Supplied material:
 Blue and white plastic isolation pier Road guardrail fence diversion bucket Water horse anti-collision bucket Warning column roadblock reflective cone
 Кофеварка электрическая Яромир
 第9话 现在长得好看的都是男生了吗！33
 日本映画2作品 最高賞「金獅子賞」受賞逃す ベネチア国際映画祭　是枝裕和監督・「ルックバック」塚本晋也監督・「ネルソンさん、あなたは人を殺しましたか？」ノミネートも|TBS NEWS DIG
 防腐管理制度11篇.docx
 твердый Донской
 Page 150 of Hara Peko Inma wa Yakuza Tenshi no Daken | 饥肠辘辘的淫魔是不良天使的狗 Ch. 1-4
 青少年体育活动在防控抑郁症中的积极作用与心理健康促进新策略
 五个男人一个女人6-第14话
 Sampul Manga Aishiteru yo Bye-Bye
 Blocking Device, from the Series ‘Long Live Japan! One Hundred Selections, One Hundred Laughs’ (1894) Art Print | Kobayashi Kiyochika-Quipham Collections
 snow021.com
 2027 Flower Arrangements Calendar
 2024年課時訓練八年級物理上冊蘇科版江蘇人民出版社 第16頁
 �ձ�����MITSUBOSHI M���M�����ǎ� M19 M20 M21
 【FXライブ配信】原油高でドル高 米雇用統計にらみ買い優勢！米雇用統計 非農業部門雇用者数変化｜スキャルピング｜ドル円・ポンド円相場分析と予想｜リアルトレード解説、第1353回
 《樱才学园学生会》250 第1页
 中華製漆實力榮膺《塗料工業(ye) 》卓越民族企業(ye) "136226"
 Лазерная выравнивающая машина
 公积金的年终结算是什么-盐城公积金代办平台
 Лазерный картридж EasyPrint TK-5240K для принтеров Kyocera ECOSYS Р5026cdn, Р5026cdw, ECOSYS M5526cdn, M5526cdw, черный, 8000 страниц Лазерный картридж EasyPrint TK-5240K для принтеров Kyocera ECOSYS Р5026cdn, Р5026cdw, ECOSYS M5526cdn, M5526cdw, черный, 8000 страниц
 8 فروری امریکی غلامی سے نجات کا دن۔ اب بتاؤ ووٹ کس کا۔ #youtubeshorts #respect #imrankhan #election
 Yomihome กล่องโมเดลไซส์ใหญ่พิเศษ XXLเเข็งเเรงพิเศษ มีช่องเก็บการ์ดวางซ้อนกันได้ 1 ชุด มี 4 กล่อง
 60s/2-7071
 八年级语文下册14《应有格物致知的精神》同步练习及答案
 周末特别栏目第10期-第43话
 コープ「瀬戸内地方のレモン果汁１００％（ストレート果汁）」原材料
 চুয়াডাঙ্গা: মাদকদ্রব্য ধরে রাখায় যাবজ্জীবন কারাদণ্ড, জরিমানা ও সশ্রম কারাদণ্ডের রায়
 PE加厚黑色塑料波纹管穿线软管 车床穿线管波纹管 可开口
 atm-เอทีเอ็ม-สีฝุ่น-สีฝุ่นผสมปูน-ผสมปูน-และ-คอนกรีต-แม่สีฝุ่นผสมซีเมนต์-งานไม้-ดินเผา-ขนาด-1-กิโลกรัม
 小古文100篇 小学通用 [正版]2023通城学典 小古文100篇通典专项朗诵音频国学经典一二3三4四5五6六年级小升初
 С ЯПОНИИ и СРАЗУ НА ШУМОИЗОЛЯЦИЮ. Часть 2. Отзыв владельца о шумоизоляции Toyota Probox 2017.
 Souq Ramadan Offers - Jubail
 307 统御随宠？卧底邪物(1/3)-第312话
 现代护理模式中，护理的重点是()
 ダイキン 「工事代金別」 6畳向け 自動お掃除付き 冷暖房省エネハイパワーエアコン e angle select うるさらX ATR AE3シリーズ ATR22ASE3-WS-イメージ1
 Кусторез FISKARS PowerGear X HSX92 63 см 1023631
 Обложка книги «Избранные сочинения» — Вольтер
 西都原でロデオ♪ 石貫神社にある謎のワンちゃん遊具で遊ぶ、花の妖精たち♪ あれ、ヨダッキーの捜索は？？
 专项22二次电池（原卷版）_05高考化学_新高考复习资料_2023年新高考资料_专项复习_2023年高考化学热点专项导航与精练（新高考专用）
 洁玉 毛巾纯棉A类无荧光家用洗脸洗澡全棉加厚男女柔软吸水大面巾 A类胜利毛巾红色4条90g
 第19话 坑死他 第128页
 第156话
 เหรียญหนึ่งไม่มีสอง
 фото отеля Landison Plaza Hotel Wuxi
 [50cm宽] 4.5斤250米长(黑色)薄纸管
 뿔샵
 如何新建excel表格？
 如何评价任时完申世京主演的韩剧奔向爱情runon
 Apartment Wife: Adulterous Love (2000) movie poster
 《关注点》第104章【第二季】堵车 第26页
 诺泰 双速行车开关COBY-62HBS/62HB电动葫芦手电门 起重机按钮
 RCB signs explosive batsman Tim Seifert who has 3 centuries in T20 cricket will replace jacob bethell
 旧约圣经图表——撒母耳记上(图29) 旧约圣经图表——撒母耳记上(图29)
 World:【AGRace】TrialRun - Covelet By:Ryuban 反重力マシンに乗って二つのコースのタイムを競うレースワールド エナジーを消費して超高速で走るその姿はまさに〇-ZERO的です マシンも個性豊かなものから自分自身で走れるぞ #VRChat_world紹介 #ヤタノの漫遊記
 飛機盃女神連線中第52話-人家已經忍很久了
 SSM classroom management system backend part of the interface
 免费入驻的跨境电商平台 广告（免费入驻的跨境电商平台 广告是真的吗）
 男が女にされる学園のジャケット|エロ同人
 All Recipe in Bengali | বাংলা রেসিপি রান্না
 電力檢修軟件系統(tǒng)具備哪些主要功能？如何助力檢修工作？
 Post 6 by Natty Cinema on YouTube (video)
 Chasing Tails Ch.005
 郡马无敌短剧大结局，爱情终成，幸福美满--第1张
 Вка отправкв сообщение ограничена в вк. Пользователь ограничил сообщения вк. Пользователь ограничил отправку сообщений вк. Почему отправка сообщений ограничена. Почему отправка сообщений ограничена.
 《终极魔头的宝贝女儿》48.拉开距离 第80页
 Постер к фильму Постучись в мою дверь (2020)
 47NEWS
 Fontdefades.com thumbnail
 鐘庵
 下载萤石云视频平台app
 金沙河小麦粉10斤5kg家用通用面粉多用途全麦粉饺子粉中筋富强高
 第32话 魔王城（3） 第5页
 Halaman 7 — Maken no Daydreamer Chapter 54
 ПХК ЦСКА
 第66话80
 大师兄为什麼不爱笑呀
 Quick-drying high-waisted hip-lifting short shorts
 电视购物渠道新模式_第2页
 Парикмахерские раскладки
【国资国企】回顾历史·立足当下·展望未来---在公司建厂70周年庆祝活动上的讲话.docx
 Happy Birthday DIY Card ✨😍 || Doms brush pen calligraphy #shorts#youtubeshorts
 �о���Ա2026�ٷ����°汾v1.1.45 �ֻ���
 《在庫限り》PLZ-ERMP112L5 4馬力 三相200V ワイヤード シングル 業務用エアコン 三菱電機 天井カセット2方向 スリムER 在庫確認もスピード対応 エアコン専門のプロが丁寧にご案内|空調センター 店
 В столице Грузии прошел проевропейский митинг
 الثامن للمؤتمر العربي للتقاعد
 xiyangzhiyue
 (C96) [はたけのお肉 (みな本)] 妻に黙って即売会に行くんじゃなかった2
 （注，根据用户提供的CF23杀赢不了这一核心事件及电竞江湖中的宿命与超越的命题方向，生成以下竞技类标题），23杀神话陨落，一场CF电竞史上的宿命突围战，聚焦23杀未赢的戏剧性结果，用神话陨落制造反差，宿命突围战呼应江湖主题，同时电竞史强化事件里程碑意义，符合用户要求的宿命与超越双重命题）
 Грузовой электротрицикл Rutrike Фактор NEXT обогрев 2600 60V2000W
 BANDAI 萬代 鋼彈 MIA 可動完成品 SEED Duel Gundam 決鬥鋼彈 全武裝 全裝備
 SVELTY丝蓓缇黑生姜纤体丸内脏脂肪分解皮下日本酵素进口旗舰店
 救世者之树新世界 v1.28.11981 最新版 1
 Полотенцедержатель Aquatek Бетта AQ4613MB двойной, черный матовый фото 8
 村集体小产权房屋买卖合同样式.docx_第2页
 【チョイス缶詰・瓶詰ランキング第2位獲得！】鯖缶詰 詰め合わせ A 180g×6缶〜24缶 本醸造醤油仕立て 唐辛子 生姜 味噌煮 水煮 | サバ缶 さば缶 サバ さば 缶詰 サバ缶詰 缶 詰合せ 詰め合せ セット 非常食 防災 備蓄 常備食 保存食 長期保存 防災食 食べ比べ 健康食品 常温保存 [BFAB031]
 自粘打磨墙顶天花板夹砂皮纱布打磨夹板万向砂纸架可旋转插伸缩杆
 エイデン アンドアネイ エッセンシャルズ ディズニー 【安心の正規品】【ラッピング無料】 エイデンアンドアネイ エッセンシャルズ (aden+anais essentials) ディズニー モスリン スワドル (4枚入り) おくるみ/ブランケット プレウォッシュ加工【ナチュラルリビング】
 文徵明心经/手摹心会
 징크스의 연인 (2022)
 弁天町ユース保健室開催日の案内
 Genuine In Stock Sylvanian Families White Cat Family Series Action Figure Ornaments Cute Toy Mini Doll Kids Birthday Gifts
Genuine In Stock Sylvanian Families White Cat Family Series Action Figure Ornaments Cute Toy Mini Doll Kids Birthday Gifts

What needs to be done:
Return only the number of lines above in which the string "фото" occurs.

Answer to the exercise:
2